Cerner has struck a settlement agreement with one of its customers which will force the giant IT vendor to take significant charge against its fourth-quarter earnings.
The client, Trinity Medical Center of Minot, N.D., claimed last year that the patient accounting software sold by Cerner in 2008 was defective and didn’t deliver on the promised business benefits.
In the suit, the medical center asked for $240 million in damages, while Cerner only estimated damages of $4 million. To settle the matter, the two parties agreed to go into arbitration, according to a report in the Wall Street Journal.

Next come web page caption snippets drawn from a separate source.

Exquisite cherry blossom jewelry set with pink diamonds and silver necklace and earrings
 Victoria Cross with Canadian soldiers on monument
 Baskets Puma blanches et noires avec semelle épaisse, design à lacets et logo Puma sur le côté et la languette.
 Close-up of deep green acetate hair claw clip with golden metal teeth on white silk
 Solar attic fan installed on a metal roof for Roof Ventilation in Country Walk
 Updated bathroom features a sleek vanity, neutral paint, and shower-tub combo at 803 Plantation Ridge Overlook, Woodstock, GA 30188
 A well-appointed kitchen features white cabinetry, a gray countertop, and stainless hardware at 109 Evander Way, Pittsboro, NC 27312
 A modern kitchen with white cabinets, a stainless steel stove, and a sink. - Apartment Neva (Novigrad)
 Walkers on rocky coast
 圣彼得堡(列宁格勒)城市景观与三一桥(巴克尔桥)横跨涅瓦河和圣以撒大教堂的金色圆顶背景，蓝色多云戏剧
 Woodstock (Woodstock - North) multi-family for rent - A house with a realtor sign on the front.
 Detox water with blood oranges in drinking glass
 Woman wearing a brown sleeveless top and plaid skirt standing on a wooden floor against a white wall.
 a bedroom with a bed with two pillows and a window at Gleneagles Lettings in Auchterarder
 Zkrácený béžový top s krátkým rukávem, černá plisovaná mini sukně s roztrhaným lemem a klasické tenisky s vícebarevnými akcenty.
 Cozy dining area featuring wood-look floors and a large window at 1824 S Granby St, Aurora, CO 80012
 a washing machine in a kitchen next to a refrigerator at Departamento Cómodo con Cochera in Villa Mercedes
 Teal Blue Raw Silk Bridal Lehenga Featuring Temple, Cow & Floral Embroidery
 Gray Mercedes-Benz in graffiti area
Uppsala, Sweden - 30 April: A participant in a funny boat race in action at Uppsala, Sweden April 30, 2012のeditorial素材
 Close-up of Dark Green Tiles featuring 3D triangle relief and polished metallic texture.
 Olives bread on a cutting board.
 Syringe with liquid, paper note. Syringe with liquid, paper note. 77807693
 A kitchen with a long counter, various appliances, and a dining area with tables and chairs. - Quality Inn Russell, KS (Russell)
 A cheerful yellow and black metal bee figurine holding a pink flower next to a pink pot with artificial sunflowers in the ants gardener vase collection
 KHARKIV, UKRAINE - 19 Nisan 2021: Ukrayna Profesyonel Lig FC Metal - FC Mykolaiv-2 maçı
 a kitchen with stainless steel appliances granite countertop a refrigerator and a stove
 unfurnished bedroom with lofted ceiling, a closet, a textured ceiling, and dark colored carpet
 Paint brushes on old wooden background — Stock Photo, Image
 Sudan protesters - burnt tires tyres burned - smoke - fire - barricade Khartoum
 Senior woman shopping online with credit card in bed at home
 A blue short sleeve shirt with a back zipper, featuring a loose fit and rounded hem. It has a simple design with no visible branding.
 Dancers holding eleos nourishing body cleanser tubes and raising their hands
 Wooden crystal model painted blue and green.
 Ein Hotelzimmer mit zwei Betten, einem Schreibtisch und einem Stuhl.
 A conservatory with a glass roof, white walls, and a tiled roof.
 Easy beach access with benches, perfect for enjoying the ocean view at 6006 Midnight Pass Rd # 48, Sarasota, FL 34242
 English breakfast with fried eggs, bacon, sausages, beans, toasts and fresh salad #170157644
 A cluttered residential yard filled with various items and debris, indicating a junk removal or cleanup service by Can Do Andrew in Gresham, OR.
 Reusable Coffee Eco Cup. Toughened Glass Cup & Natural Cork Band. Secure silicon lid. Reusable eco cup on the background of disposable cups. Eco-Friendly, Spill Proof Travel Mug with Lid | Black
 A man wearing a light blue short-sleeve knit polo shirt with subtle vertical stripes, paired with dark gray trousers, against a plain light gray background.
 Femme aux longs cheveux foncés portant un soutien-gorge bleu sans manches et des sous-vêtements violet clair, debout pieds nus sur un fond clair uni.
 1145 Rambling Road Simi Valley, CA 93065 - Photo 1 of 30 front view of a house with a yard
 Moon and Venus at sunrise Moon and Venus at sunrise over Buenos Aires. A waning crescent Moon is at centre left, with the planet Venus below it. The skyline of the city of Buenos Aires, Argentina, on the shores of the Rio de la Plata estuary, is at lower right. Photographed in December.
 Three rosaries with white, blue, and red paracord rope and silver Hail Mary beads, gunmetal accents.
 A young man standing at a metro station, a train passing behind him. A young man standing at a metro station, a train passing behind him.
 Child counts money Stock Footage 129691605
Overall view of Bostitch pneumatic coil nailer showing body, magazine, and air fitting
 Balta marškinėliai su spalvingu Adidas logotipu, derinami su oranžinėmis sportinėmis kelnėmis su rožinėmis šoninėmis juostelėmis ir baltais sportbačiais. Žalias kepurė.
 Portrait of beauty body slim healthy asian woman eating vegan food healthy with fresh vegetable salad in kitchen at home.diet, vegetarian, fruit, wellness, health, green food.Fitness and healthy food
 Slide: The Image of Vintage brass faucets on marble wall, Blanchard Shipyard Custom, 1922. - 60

While the amount of the settlement was not disclosed in court filings, Cerner clearly got its clock cleaned. The vendor issued a statement saying that it “strongly disagreed” with the amount the hospital was awarded.
As a result of the arbitration settlement, Cerner will take a charge of $0.18 to $0.19 per share for the quarter ending Dec. 23, 2013. Clearly, Cerner came out on the wrong side of the deal, and then some. And it’s not used to losing. The vendor’s statement also noted that this settlement was “the only material judgment against Cerner in its 34-year history.”
While both Cerner and Wall Street will get over this matter, it’s still something of a landmark in the IT vendor business. Most of the time, IT vendor contracts have customers so tied up in knots that they can’t even speak about their experiences with the product, much less take the vendor to court for for poor product performance.